The capsule eventually landed in Jamaica where this force of nature stepped out of the pod fully formed and fabulous. Of course Grace Beverly Jones’s actual story is far more interesting than anything I could make up. I recommend taking a look at Steve’s article if this one has whet your appetite especially as the one area where we do intersect is our love for the excellent 2017 documentary Bloodlight And Bami, for an inside story behind the scenes and a strange fascinating insight into her unconventional life and career. 

You would think that a documentary that fly on the wall would rob her of her mystique but it really doesn’t. It does show a determined and smart woman who knows exactly what she wants and how to make it happen. You also see that she could walk down the street and meet a dozen different people and each would meet a different Grace Jones. None would be inauthentic but every one would be iconic; she is a living artwork and a grand master of androgyny at adapting to any situation and keeping people guessing. That Grace was an admirer – and almost a co-star – of the equally vampiric and clever chameleon David Bowie is little surprise.

Kyle Munzenrieder of W magazine wrote that “everyone from Madonna to Björk to Beyoncé to Lady Gaga has taken more than a few pages from her playbook”, which just confirms that it’s Grace’s world and we’re just living in it. So get your dancing shoes and Private Life mask on and check out this perfect 10.

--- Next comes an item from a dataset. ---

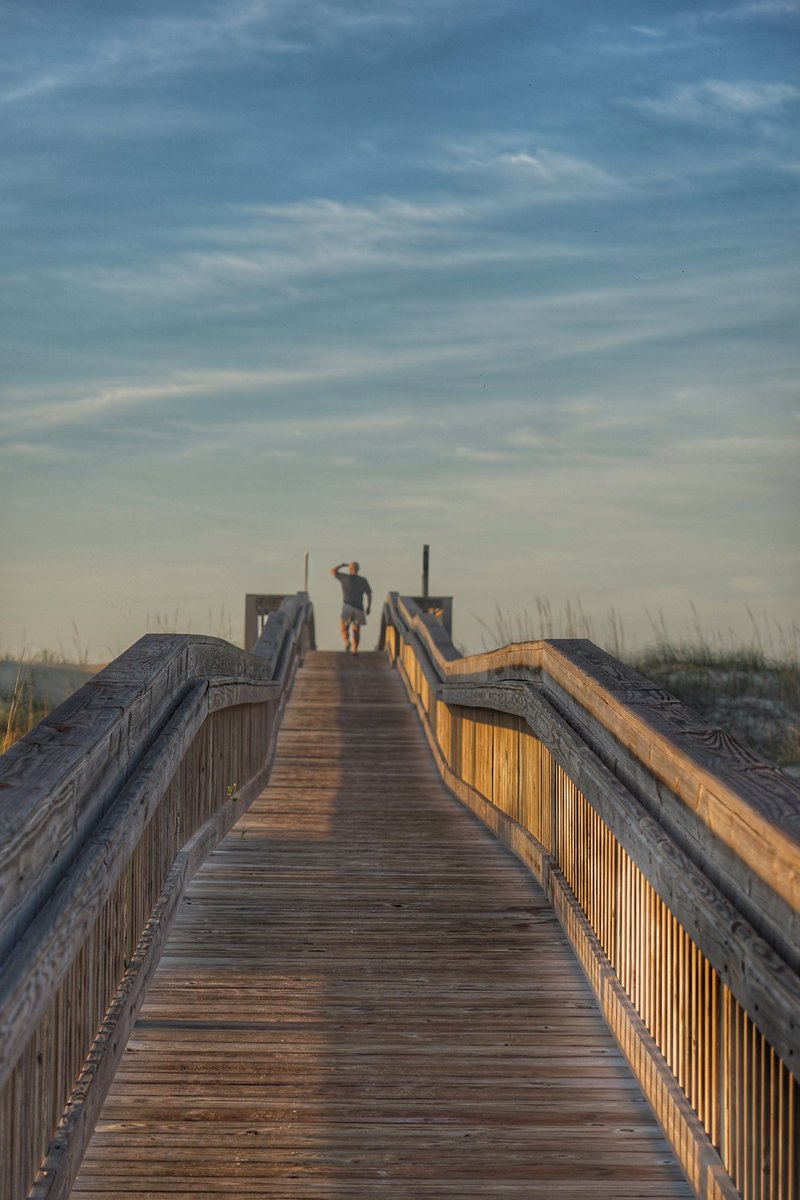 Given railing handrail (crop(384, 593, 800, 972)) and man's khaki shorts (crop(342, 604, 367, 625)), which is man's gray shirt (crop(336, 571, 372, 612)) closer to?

We’ve subtitled this lovely listicle Alternative Island Life because Steve’s only stipulation was to include something from each of Grace Jones’s ten studio albums but not feature any of the obviously brilliant songs from what is possibly his favourite ever “greatest hits” album, 1985’s Island Life. It’s a cracker of a compilation which features 10 of her most famous recordings, starting with La Vie En Rose and ending with Slave To The Rhythm. All killer and zero filler, the peerless perfection and sublime sequencing of the 48-minute LP was his life-changing introduction to Grace Jones and in a strange way perhaps this will be yours.

“Hers was one of the first artistic voices to reach me with the message, the fundamental truth, that fulfilment lies in celebrating who you are, with all your majestic idiosyncrasies intact. Everything about her seemed to speak of freedom, an absence of compromise and a celebration of humanity and the imagination through an otherworldly prism.” Steve Pafford

What I Did For Love (1977)

What I Did For Love was taken from Grace’s first album Portfolio, becoming a top ten club hit in the US, on the back of her debut single I Need A Man triumphantly topping the Billboard dance chart). The album wasn’t particularly well received by the critics but it would have been a big hit with camp queens like me if I’d been born (I wasn’t of this earth until third album Muse was released, which we’ll get to in a minute).

The song is a great bit of dramatic theatricality purloined from the Broadway musical A Chorus Line. In the play it was a love song to dancing rather than to a person. A group of dancers are discussing what they would do if they, as George Michael later said, “never gonna dance again”, and one of the characters sings this as the answer. Looking at the pain of working hard all of your life for something you love doing but knowing that one day you won’t be able to do it anymore.

Look, my eyes are dry, the gift was ours to borrow,
It’s as if we always knew,
And I won’t forget what I did for love, what I did for love.”

A tale of undefeated optimism, the lyrics work just as well if you imagine them to be about a man or woman so myriad men and women covered it over the years. And as soon as you hear this triumphant show tune, you just know Shirley Bassey would have had a crack at it – and indeed she did, recording her version for Love, Life and Feelings the year before this recording came out. Of course, I prefer Grace belting it out when it needs belting out and letting the backing girls take over for some softer bits.

Am I Ever Gonna Fall In Love In New York City (1978)

Grace’s ninth single was from Grace’s second album Fame, following on from the 45s Do Or Die and Autumn Leaves and the title track, which isn’t a cover of a song co-written by David Bowie and another rock star, though Nightclubbing three years later certainly would be.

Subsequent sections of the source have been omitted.